# [Problem requirements]
For each record below, set it down exactly but leave out any picture.

# [Records for the task]
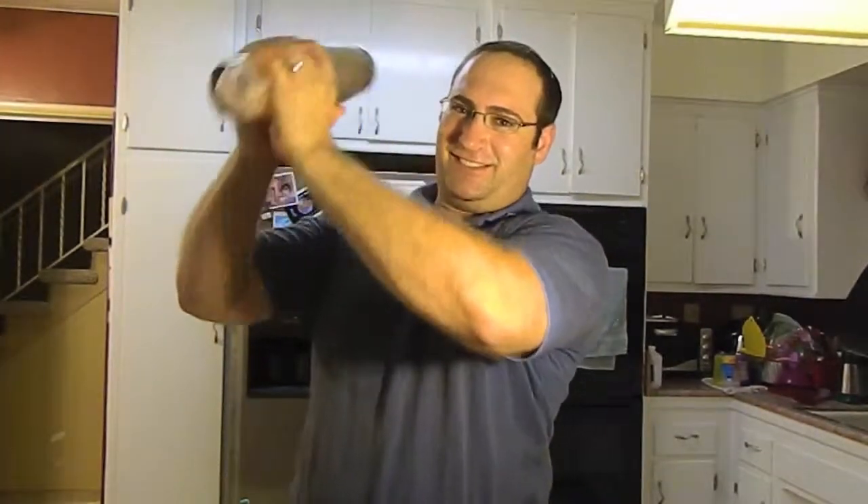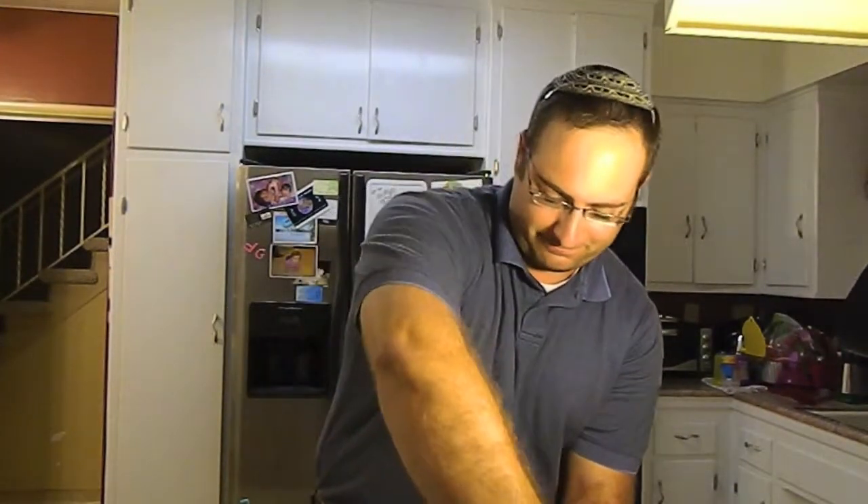All right, now that we've got all those ingredients, it's time to shake. Now that we're done shaking, we're going to take off the top and find ourselves a hurricane glass with ice and strain on it.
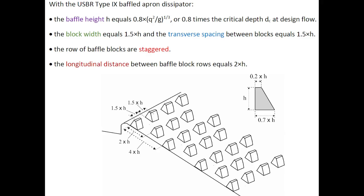With the USBR Type 9 baffled apron dissipator, the baffle height H would typically be equal to 80% of the critical depth at co-design flow. The block width would be equal to 1.5 times the block height, and the transverse spacing between blocks would also be equal to 1.5 times the baffle height.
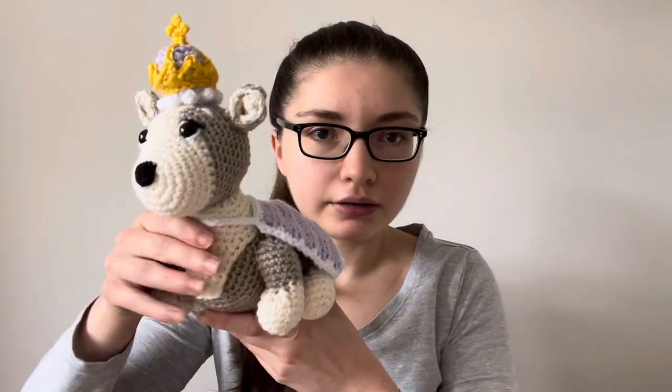Hi guys and welcome back to the Crochet Tour YouTube channel. In today's video I'm doing another Tour Tries episode where I show you a pattern that I've done and talk about it and show you what I've made. The day I'm filming this is Monday the 19th of September — it's actually the Queen's funeral today — so what I've made is the Queen's Corgi, and I'll show you this quickly now.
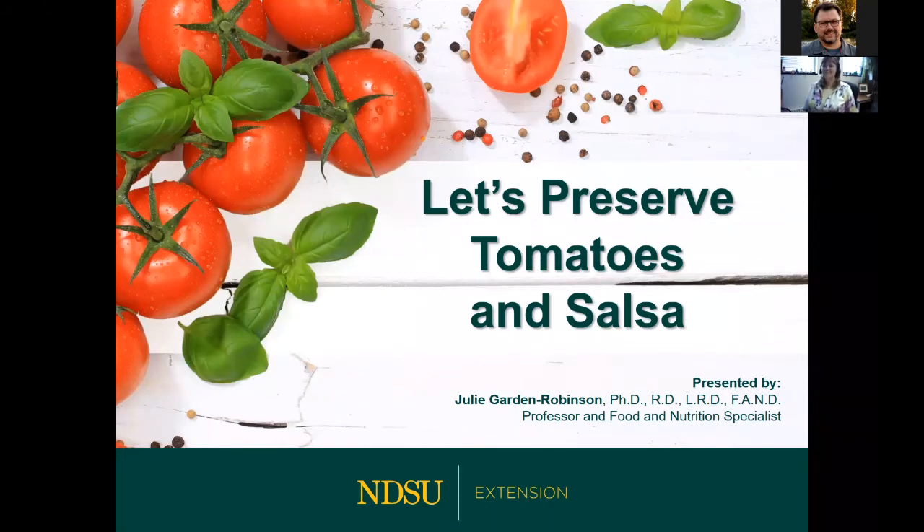Let's get started with Let's Preserve Tomatoes and Salsa. Your presenter today is Dr. Julie Garden Robinson, a professor and food and nutrition specialist with NDSU Extension in Fargo. She's a licensed registered dietician doing research and outreach in nutrition and food safety education, and has written a weekly column, Prairie Fair, since 1997.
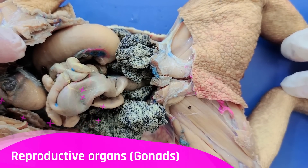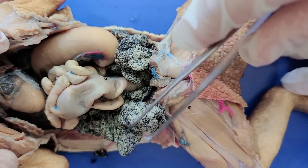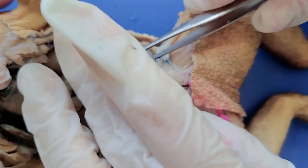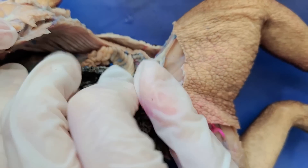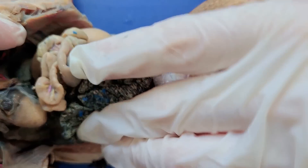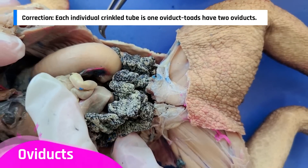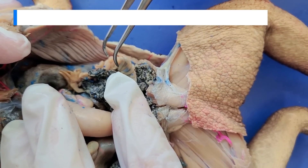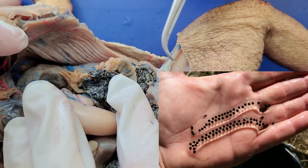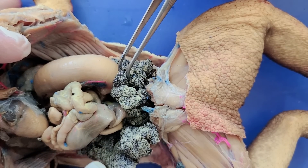Now let's look at the reproductive organs. This toad is female, which you can tell by all this black and white mass here, which are the eggs filling the ovaries — so this is where eggs are produced and stored. You can also see this crinkled structure here and its counterpart on the other side. Combined, this V-shaped structure is called the oviduct, and it's responsible for secreting the thick, jelly-like substance coating toad eggs. In toad eggs, fertilization happens externally — the female lays her eggs in the water, then the male comes and fertilizes the eggs with his sperm.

# [Written response]
All right, now that we've got all those ingredients, it's time to shake. Now that we're done shaking, we're going to take off the top and find ourselves a hurricane glass with ice and strain on it.
With the USBR Type 9 baffled apron dissipator, the baffle height H would typically be equal to 80% of the critical depth at co-design flow. The block width would be equal to 1.5 times the block height, and the transverse spacing between blocks would also be equal to 1.5 times the baffle height.
Hi guys and welcome back to the Crochet Tour YouTube channel. In today's video I'm doing another Tour Tries episode where I show you a pattern that I've done and talk about it and show you what I've made. The day I'm filming this is Monday the 19th of September — it's actually the Queen's funeral today — so what I've made is the Queen's Corgi, and I'll show you this quickly now.
Let's get started with Let's Preserve Tomatoes and Salsa. Your presenter today is Dr. Julie Garden Robinson, a professor and food and nutrition specialist with NDSU Extension in Fargo. She's a licensed registered dietician doing research and outreach in nutrition and food safety education, and has written a weekly column, Prairie Fair, since 1997.
Now let's look at the reproductive organs. This toad is female, which you can tell by all this black and white mass here, which are the eggs filling the ovaries — so this is where eggs are produced and stored. You can also see this crinkled structure here and its counterpart on the other side. Combined, this V-shaped structure is called the oviduct, and it's responsible for secreting the thick, jelly-like substance coating toad eggs. In toad eggs, fertilization happens externally — the female lays her eggs in the water, then the male comes and fertilizes the eggs with his sperm.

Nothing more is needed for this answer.